(Scraped caption text data)
☆ ☆ ☆ ☆ ☆ ☆ ☆
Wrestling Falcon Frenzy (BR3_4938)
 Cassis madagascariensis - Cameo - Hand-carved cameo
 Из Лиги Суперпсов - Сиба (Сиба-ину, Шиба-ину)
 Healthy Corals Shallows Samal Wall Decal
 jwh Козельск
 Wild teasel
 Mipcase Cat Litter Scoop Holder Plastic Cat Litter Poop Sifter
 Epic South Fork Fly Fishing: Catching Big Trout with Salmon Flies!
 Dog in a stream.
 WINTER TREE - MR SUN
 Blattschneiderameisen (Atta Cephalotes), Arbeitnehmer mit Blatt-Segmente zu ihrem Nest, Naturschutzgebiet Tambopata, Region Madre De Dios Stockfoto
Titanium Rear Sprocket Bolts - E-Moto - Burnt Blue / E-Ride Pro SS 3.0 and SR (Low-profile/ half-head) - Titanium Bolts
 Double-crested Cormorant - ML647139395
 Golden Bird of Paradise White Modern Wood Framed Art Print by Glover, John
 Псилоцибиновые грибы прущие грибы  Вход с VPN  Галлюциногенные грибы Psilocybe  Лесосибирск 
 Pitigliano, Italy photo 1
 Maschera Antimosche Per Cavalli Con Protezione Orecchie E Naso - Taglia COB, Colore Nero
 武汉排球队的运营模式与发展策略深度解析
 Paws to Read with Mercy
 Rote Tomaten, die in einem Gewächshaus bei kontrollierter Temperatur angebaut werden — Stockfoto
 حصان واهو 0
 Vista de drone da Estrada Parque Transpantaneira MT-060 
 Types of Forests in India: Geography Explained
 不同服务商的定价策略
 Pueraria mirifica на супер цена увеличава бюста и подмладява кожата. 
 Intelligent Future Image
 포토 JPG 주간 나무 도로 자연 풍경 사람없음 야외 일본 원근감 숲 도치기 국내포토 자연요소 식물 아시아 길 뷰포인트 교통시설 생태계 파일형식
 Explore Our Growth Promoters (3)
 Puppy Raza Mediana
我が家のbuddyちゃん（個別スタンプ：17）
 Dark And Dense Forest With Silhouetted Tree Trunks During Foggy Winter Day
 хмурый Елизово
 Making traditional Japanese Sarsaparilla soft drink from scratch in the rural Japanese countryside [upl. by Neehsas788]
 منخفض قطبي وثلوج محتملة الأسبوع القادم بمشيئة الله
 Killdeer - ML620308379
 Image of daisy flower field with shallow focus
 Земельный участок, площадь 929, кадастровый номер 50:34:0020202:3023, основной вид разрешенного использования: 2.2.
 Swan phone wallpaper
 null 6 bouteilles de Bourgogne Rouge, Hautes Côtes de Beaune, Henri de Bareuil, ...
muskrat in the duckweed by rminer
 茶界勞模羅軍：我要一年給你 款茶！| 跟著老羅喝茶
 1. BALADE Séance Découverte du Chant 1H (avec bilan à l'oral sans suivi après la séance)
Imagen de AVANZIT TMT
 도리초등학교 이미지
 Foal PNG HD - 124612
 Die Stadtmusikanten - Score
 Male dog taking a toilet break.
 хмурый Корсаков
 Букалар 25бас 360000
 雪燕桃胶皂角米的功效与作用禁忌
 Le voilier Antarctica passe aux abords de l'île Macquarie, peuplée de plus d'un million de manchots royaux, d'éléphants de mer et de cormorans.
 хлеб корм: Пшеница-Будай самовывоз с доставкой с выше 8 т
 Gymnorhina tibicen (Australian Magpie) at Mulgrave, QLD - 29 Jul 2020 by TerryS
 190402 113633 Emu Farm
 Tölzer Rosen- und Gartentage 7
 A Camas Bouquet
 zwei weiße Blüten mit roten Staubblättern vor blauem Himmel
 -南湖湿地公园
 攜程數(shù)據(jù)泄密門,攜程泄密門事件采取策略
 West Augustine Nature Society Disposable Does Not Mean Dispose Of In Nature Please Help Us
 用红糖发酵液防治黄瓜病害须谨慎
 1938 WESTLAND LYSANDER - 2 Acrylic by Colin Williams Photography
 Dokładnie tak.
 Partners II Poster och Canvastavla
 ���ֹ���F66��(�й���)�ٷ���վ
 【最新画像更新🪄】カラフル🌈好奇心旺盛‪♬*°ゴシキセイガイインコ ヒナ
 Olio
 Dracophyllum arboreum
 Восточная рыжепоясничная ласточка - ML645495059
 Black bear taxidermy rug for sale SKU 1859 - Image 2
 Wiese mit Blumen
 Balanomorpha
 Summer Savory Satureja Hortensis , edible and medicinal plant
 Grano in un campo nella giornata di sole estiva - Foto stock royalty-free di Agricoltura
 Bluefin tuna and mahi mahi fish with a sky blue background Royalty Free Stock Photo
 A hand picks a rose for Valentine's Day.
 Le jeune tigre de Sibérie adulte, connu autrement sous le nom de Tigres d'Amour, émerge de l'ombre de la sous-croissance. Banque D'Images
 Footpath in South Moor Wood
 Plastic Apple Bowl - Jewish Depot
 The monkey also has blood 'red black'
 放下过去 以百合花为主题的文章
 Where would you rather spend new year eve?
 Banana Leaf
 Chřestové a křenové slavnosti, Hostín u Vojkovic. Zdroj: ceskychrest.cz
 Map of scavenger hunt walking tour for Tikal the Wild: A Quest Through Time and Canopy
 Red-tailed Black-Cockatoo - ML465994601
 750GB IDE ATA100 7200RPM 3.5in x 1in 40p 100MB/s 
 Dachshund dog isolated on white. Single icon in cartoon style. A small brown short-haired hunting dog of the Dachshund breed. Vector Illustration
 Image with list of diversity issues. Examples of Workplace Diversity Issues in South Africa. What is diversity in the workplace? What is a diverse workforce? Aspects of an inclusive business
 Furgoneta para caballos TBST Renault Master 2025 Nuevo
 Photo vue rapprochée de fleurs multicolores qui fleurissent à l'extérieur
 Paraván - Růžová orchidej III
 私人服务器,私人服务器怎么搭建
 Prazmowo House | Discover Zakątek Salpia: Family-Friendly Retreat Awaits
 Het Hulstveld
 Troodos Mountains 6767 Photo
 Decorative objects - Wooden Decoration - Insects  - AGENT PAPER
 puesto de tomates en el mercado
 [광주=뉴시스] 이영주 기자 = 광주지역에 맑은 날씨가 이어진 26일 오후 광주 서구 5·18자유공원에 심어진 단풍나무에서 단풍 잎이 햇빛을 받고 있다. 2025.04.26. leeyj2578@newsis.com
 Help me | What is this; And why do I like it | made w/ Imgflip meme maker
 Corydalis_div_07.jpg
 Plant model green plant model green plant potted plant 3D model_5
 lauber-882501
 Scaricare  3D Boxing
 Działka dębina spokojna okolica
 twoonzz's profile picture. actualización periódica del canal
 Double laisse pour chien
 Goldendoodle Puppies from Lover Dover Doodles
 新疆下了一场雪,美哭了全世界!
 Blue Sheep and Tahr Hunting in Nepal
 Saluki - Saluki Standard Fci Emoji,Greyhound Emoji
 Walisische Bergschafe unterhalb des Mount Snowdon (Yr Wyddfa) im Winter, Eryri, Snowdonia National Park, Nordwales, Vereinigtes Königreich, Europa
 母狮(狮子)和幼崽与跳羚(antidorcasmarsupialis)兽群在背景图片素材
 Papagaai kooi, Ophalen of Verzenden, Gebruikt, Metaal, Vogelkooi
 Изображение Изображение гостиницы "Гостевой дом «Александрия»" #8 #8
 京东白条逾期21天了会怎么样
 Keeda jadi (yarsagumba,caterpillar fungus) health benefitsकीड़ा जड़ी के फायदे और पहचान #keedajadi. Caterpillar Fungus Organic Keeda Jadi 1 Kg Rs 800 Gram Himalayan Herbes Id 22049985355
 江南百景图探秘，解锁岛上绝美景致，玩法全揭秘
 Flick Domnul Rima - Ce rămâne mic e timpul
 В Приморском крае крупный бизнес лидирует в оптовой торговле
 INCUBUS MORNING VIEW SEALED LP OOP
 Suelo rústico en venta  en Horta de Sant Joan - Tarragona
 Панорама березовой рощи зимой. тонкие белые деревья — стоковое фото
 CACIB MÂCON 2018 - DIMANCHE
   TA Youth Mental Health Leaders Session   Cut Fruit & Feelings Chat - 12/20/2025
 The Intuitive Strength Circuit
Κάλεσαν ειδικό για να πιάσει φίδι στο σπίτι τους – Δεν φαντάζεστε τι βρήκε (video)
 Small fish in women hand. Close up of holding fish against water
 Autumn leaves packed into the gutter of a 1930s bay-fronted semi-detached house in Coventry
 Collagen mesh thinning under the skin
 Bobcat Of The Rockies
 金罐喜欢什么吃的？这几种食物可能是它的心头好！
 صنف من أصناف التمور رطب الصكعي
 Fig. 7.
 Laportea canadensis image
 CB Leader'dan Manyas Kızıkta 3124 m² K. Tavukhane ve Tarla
☆ ☆ ☆ ☆ ☆ ☆ ☆
EXERCISE: Check each line above for the word "Wild" and copy the ones that have it.

ANSWER SPACE:
 Wild teasel
 Map of scavenger hunt walking tour for Tikal the Wild: A Quest Through Time and Canopy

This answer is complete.